Extracted data entries
####

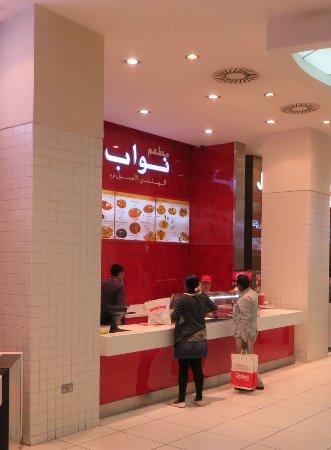 Nawab Authentic Indian Restaurant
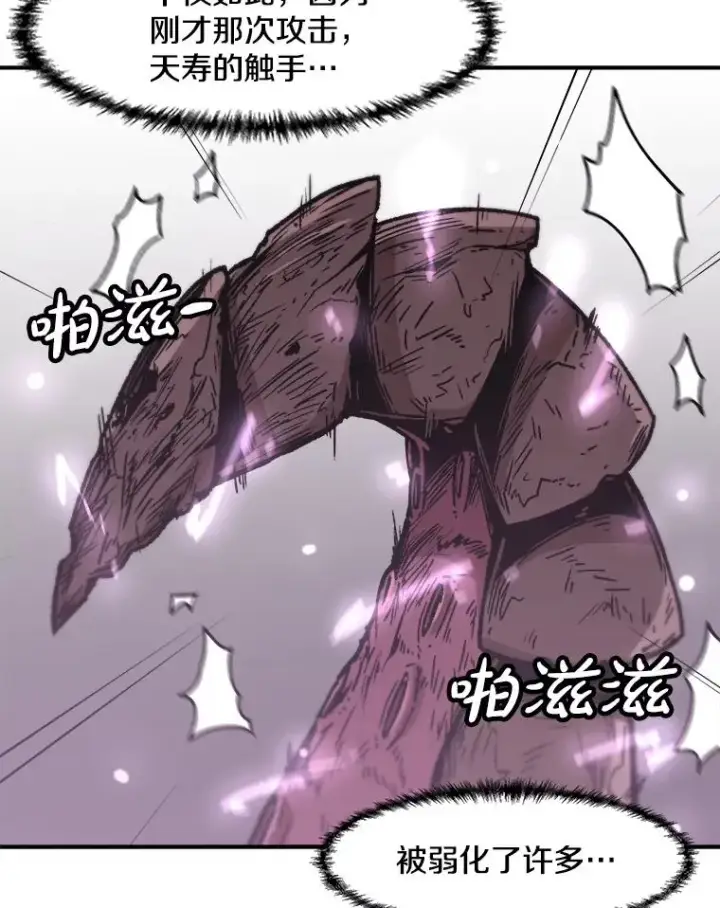 漫画《孤雄升级》137.吸引天寿之战（2）第68张图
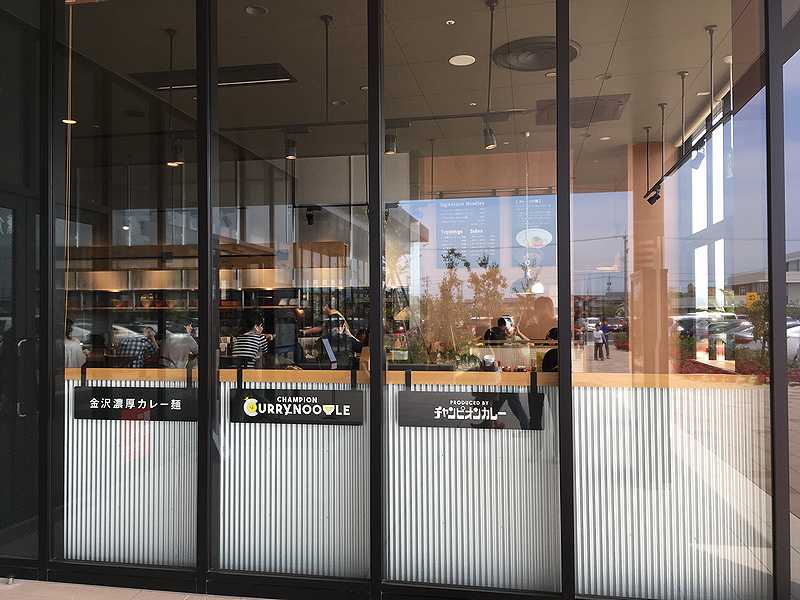 イオンモール新小松店 チャンピオンカレーヌードル チャンカレの新レーベルはあの一風堂とのコラボ あさぴーのおいしい独り言 イオンモール新小松店 チャンピオンカレーヌードル チャンカレの新レーベルはあの一風堂とのコラボ あさぴーのおいしい独り言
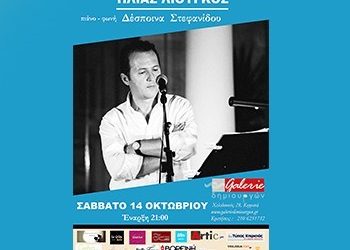 Ο Ηλίας Λιούγκος στη Galerie Δημιουργών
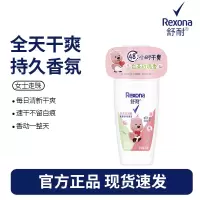 舒耐女士爽身香体止汗走珠液白茶玫瑰香50g 长效干爽净味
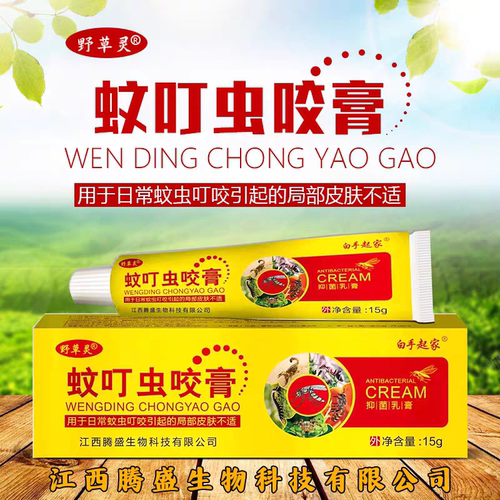 野草灵蚊虫叮咬膏皮肤外用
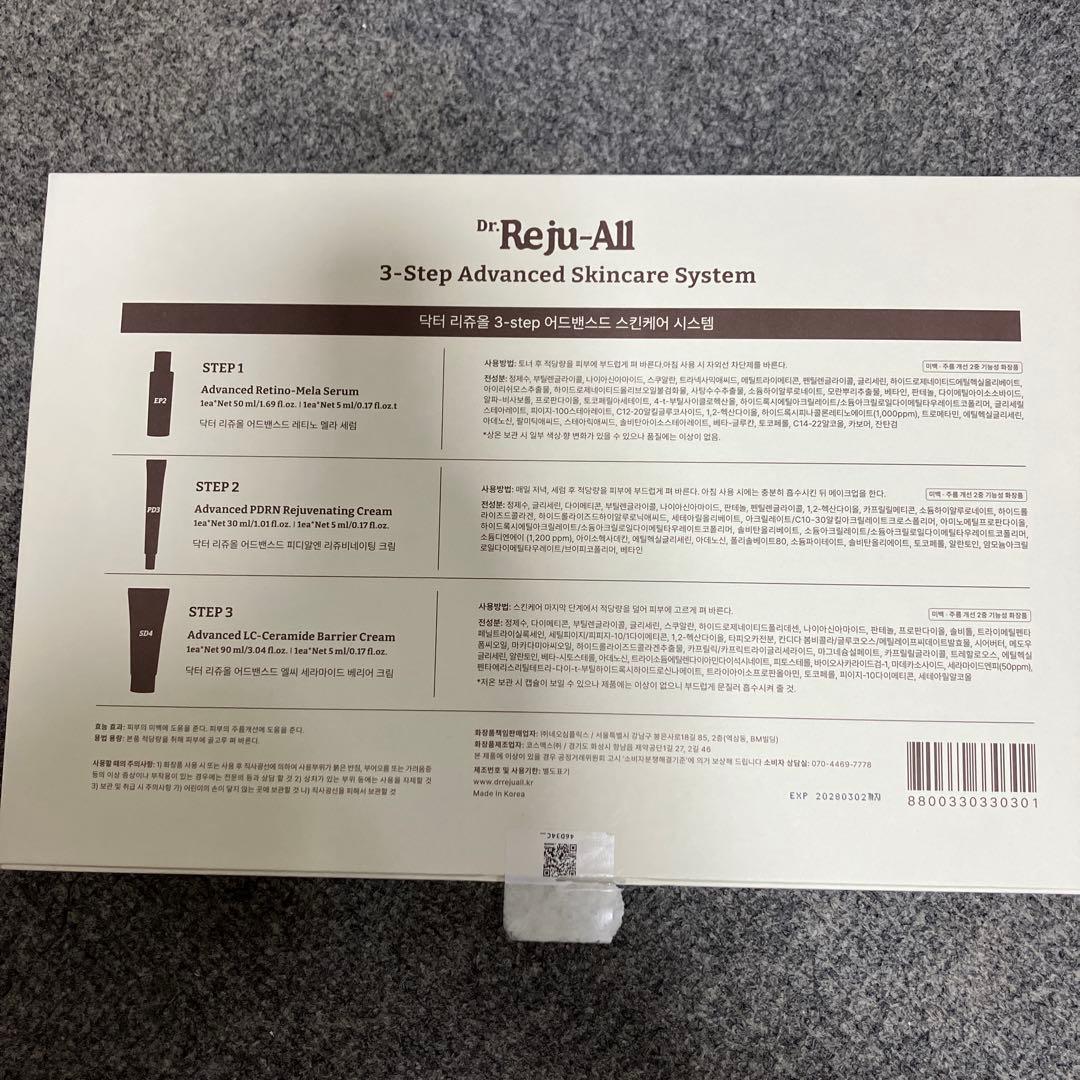 Dr. Reju-All 3-Step Skincare System⭐︎新品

####

§ **Work required**
Each line from the line containing "漫画《孤雄升级》137.吸引天寿之战（2）第68张图" through the final line of the data above must be retyped exactly; nothing else, and no pictures, may appear.

§ **Answer box**
 漫画《孤雄升级》137.吸引天寿之战（2）第68张图
 イオンモール新小松店 チャンピオンカレーヌードル チャンカレの新レーベルはあの一風堂とのコラボ あさぴーのおいしい独り言 イオンモール新小松店 チャンピオンカレーヌードル チャンカレの新レーベルはあの一風堂とのコラボ あさぴーのおいしい独り言
 Ο Ηλίας Λιούγκος στη Galerie Δημιουργών
 舒耐女士爽身香体止汗走珠液白茶玫瑰香50g 长效干爽净味
 野草灵蚊虫叮咬膏皮肤外用
 Dr. Reju-All 3-Step Skincare System⭐︎新品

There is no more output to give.